REQUIREMENT >>
Write out the data once more, exactly as it reads.

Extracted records

§

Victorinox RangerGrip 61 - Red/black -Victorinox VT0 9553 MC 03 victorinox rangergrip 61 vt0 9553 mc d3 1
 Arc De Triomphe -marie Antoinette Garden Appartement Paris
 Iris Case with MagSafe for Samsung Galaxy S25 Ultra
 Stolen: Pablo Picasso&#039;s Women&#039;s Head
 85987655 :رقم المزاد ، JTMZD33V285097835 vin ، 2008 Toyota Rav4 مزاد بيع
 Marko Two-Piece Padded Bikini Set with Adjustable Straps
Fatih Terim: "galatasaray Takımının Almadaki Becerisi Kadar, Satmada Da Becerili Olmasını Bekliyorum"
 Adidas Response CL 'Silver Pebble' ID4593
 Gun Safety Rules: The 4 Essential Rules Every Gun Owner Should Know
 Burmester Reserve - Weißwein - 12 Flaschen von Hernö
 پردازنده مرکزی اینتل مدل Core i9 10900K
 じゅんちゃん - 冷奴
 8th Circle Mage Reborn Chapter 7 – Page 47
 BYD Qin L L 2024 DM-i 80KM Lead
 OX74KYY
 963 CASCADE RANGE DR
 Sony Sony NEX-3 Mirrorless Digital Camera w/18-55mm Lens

§

PROBLEM SOLUTION >>
Victorinox RangerGrip 61 - Red/black -Victorinox VT0 9553 MC 03 victorinox rangergrip 61 vt0 9553 mc d3 1
 Arc De Triomphe -marie Antoinette Garden Appartement Paris
 Iris Case with MagSafe for Samsung Galaxy S25 Ultra
 Stolen: Pablo Picasso&#039;s Women&#039;s Head
 85987655 :رقم المزاد ، JTMZD33V285097835 vin ، 2008 Toyota Rav4 مزاد بيع
 Marko Two-Piece Padded Bikini Set with Adjustable Straps
Fatih Terim: "galatasaray Takımının Almadaki Becerisi Kadar, Satmada Da Becerili Olmasını Bekliyorum"
 Adidas Response CL 'Silver Pebble' ID4593
 Gun Safety Rules: The 4 Essential Rules Every Gun Owner Should Know
 Burmester Reserve - Weißwein - 12 Flaschen von Hernö
 پردازنده مرکزی اینتل مدل Core i9 10900K
 じゅんちゃん - 冷奴
 8th Circle Mage Reborn Chapter 7 – Page 47
 BYD Qin L L 2024 DM-i 80KM Lead
 OX74KYY
 963 CASCADE RANGE DR
 Sony Sony NEX-3 Mirrorless Digital Camera w/18-55mm Lens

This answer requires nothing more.